1. Macht en invloed:
Abigail ziet de kracht die je krijgt als je een aanklager bent. Door anderen van hekserij te beschuldigen, kan ze de stad manipuleren en aandacht en controle verwerven. Ze gebruikt deze beschuldigingen als een manier om macht over anderen uit te oefenen en de aandacht af te leiden van haar eigen twijfelachtige daden, vooral haar affaire met John Proctor.
2. Rivaliteit en jaloezie:
Abigail koestert een diepe jaloezie jegens Elizabeth Proctor, de vrouw van John Proctor, die zij ziet als een bedreiging voor haar relatie met John. Door Elizabeth te beschuldigen van hekserij hoopt Abigail haar concurrentie uit te schakelen en haar positie als Johns minnaar veilig te stellen.
3. Wraak:
Abigail voelt zich onrecht aangedaan en vernederd nadat John Proctor haar avances afwijst. Ze gebruikt de hekserijprocessen als een kans om wraak te nemen op John en iedereen die met hem verbonden is.

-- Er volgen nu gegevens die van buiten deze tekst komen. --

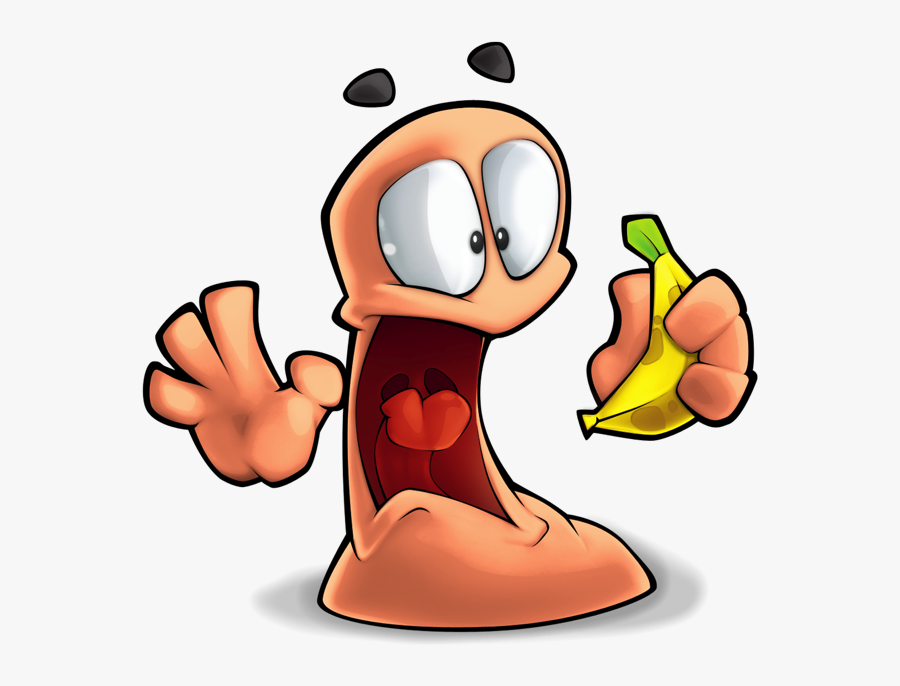 Worms Clipart Review Time - Worms Game Png, Transparent Clipart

4. Angst voor blootstelling:
Abigail vreest dat haar illegale relatie met John Proctor ontdekt zou kunnen worden, wat haar reputatie en sociale status in de gemeenschap zou schaden. Door anderen te beschuldigen leidt ze de aandacht af van haar eigen zonden en weerlegt ze elke verdenking die op haar zou kunnen vallen.
5. Sociale hysterie:
De stad Salem verkeert al in paniek en angst vanwege de eerste beschuldigingen van hekserij. Abigail erkent de kans die deze verhoogde emotionele toestand biedt en exploiteert deze in haar voordeel door meer namen toe te voegen aan de lijst met beschuldigde personen.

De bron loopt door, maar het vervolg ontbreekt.